One of the Bank of England’s most hawkish policy makers has signalled he will stop calling for higher interest rates if inflation continues to cool.
Jonathan Haskel, who had been pushing for more rate hikes, said he was encouraged by last month’s “broad based” fall in inflation because more reliable indicators of price changes are also starting to ease.
It came as official figures showed Britain is on the brink of recession, cementing bets that the Bank will start cutting interest rates in May.
The economy shrank by 0.1pc between July and September, according to the Office for National Statistics (ONS), which had previously recorded zero growth for the period.
While the Imperial College Business School professor, who has voted four times to raise interest rates to 5.5pc from 5.25pc since August, insisted that he would not shift his stance “based on one month data”, a darkening economic backdrop will pile more pressure on the Bank to cut rates to kickstart growth.
Ellie Henderson, an economist at Investec, said a winter recession was now “far more likely” after the economy shrank by 0.3pc in October.
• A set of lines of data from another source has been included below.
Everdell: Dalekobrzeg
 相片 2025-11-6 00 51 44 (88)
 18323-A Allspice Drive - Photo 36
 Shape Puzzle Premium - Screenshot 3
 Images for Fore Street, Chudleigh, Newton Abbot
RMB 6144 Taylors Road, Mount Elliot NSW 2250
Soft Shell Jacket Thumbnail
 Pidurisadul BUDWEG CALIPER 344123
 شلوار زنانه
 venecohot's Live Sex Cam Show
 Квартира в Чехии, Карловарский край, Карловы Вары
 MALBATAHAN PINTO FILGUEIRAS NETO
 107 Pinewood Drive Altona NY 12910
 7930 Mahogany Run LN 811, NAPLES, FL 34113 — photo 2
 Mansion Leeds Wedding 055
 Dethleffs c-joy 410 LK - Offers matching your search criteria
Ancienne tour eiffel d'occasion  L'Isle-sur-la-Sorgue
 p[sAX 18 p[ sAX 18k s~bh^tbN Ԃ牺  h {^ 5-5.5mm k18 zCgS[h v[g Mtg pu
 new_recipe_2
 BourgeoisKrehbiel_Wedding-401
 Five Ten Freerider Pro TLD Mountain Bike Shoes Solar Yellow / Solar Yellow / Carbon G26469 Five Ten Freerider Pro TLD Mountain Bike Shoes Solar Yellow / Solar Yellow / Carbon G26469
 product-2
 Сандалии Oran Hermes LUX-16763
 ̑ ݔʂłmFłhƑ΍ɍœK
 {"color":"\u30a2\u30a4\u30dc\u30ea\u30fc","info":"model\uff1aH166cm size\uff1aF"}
Another quarter of economic decline would mark the first technical recession since the first pandemic lockdown.
Inflation, as measured by the consumer prices index (CPI), fell to 3.9pc in November from 4.6pc in October, sparking a stock market rally and predictions that mortgage rates will fall further in the New Year.
Mr Haskel said another closely-watched measure of services inflation, which strips out volatile factors like air fares, had also seen a notable decline.
He wrote on social media site X, formerly Twitter, that this was “news” because the declines were more “broadly based” than in previous months.
Friday’s updated ONS figures also revealed that the economy performed worse than expected between April and June.
Instead of growing by 0.2pc in the second quarter, as the ONS had previously estimated, the economy flatlined.
Barclays joined a growing chorus of economists who are bringing forward their expectations of rate cuts.
Jack Meaning, chief UK economist at Barclays, said: “Inflation is falling faster than anticipated. Lacklustre growth and more evidence that slack in the labour market is emerging lead us to bring forward the timing of the first 25 basis point cut from August to May 2024.”
Barclays believes rates will fall to 3.25pc by early 2025.
The growth figures reveal the impact of high interest rates on UK households and will serve as a blow to Prime Minister Rishi Sunak, who at the start of the year made expanding the economy one of his five key pledges.
They also mean the UK’s post-pandemic recovery is now worse than any other G7 economy except Germany.
Jeremy Hunt, the Chancellor, insisted “the medium-term outlook for the UK economy is far more optimistic than these numbers suggest.”
In more encouraging signs, shop sales rose by more than expected in November as Black Friday discounts boosted spending on toys and make-up ahead of Christmas.
Retail sales volumes rose by 1.3pc in November, according to the ONS, which far exceeded analysts’ expectations of 0.4pc.
Sales growth in October was also revised up to 0pc after the ONS previously said sales fell by 0.3pc.
Darren Morgan, director of economic statistics at the ONS, said: “Retail sales grew strongly in November as heavy Black Friday discounting encouraged shoppers to spend.”
But Mr Morgan warned: “It’s still a challenging time for retailers.”
On a quarterly basis, retail sales fell by 0.8pc in the three months to November. Sales were also still below pre-pandemic levels.
Non-food sales volumes were down by 2.7pc compared to pre-lockdown.
Lisa Hooker of PwC said: “In spite of the headline improvement in sales last month, Christmas is still likely to come down to the wire for retailers.”
PwC has warned that consumers are planning to spend less than normal in the run-up to Christmas because of the rising cost of living. This increases the likelihood that shops will need to use Boxing Day sales to clear out seasonal stock, Ms Hooker said.
“The golden quarter will have been a disappointment to many retailers,” she added, referring to the traditional festive selling season.